-- GIVEN DATA --
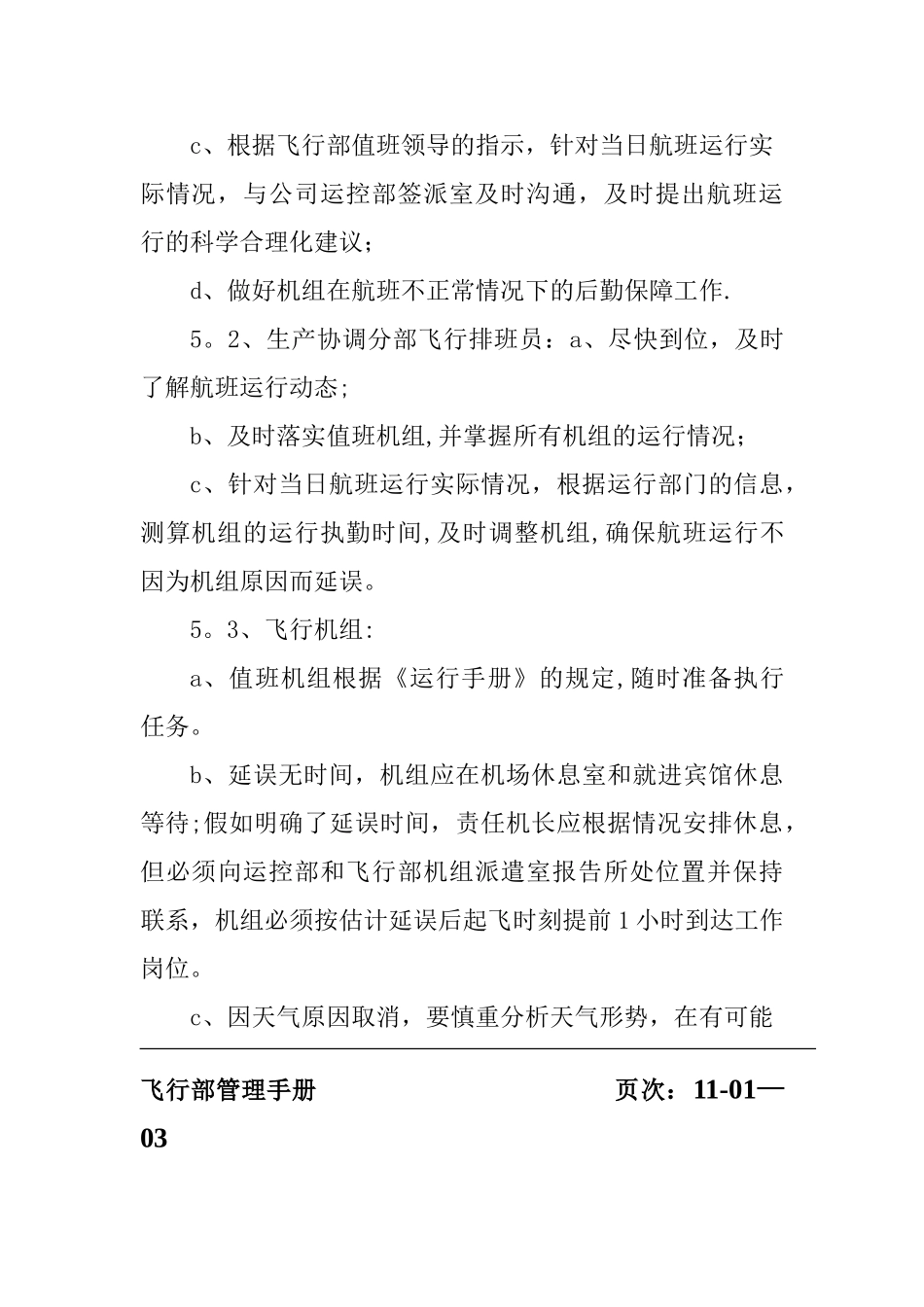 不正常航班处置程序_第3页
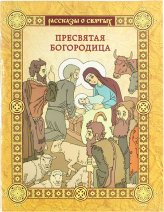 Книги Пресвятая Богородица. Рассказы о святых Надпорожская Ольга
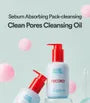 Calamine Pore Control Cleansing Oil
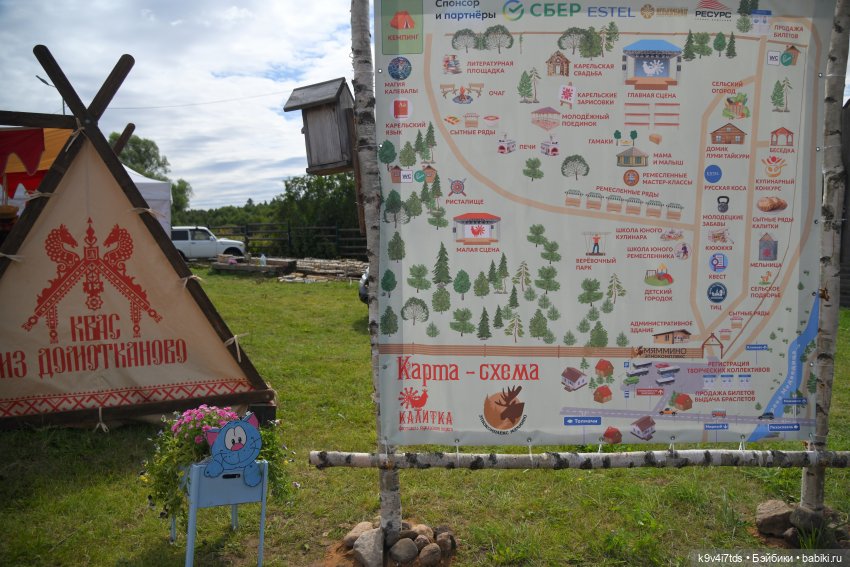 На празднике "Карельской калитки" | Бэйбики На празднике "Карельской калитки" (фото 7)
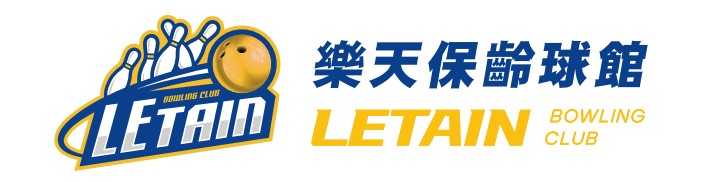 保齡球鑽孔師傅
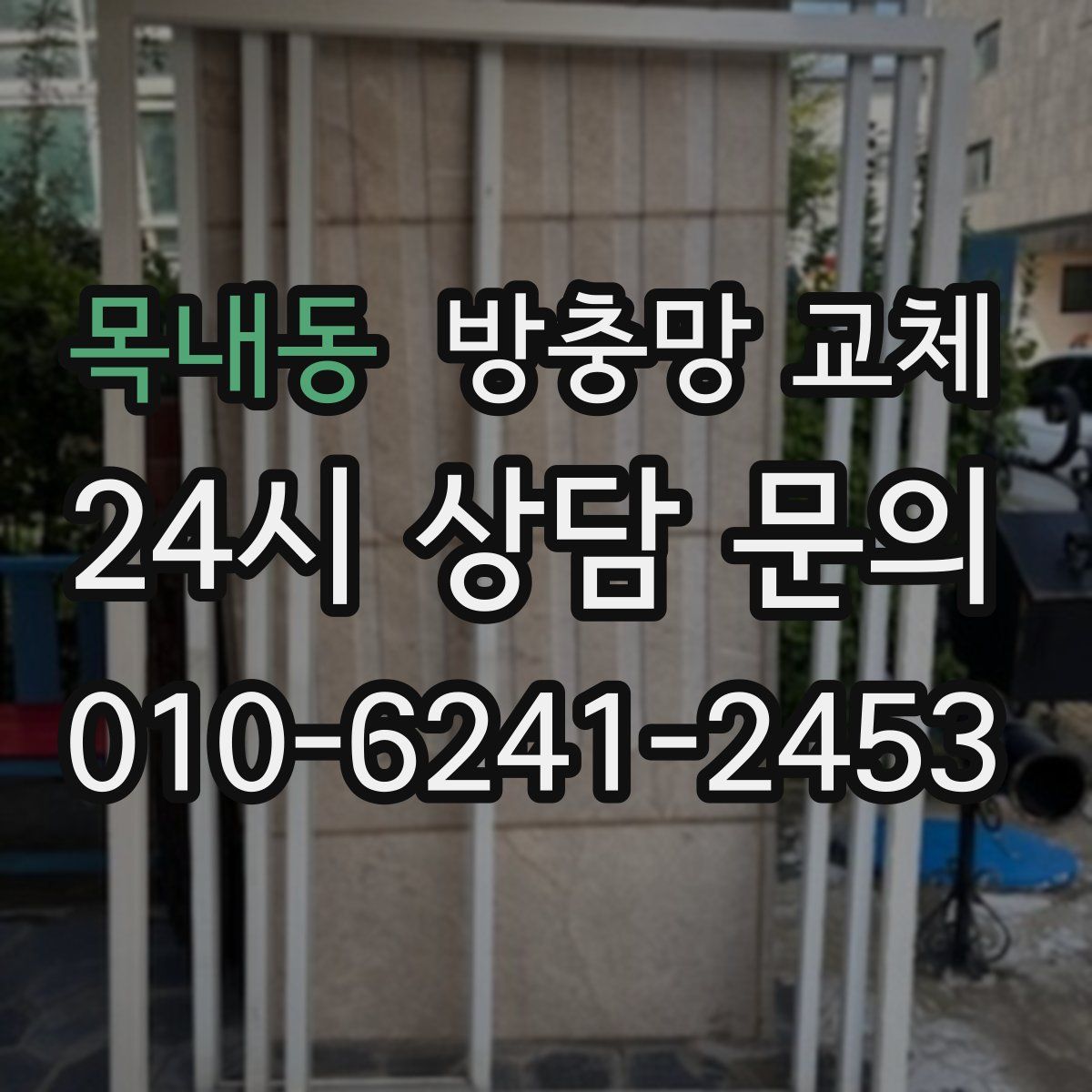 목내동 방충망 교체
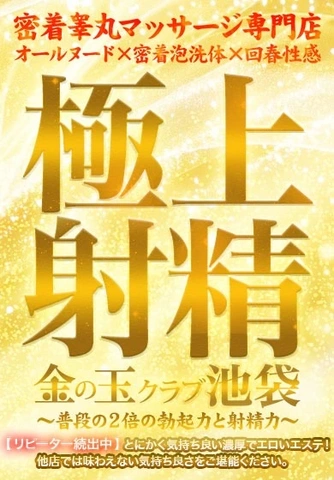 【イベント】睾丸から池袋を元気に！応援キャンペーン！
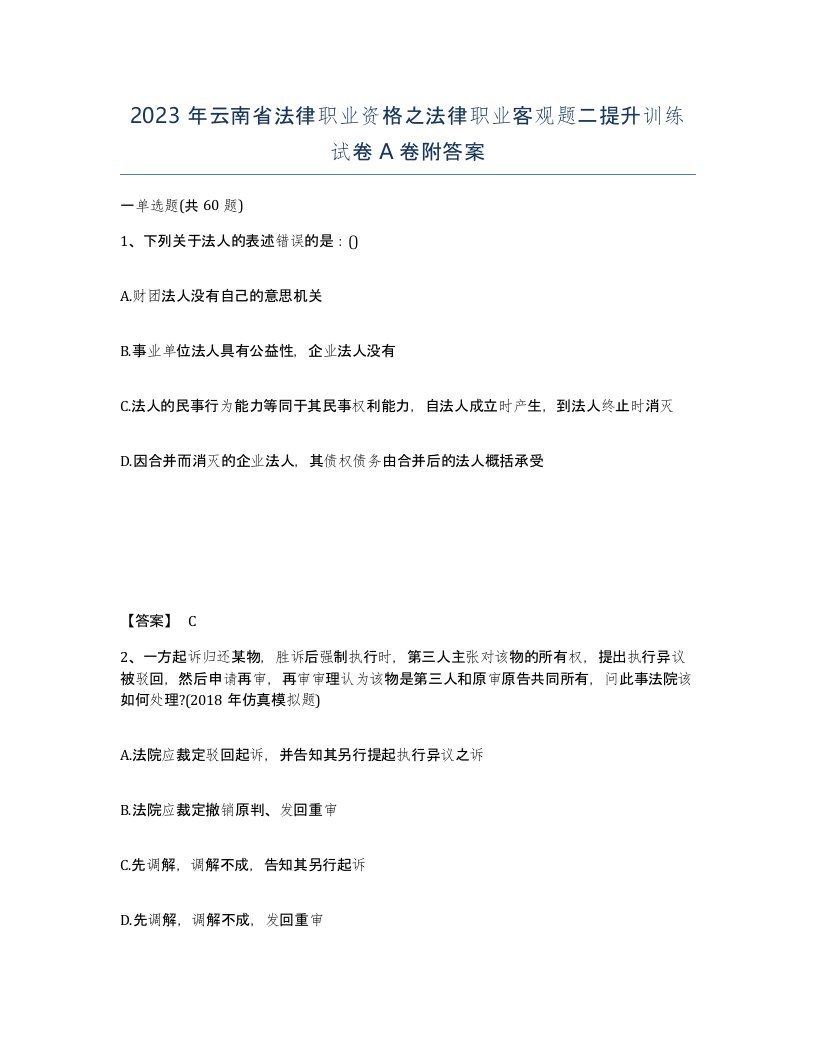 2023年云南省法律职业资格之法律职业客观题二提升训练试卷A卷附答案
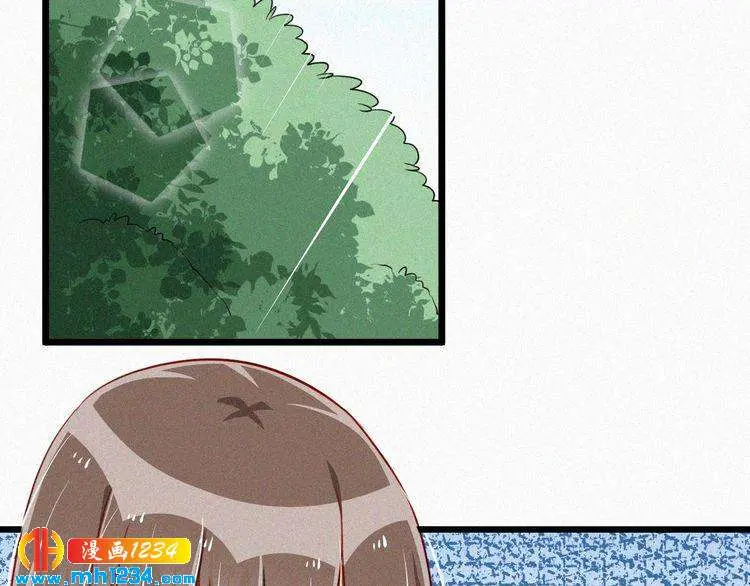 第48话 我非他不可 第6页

-- WHAT THE TASK REQUIRES --
Please ensure that the data above is repeated exactly, with no pictures in the copy.

-- EXERCISE RESULT --
 不正常航班处置程序_第3页
 Книги Пресвятая Богородица. Рассказы о святых Надпорожская Ольга
 Calamine Pore Control Cleansing Oil
 На празднике "Карельской калитки" | Бэйбики На празднике "Карельской калитки" (фото 7)
 保齡球鑽孔師傅
 목내동 방충망 교체
 【イベント】睾丸から池袋を元気に！応援キャンペーン！
 2023年云南省法律职业资格之法律职业客观题二提升训练试卷A卷附答案
 第48话 我非他不可 第6页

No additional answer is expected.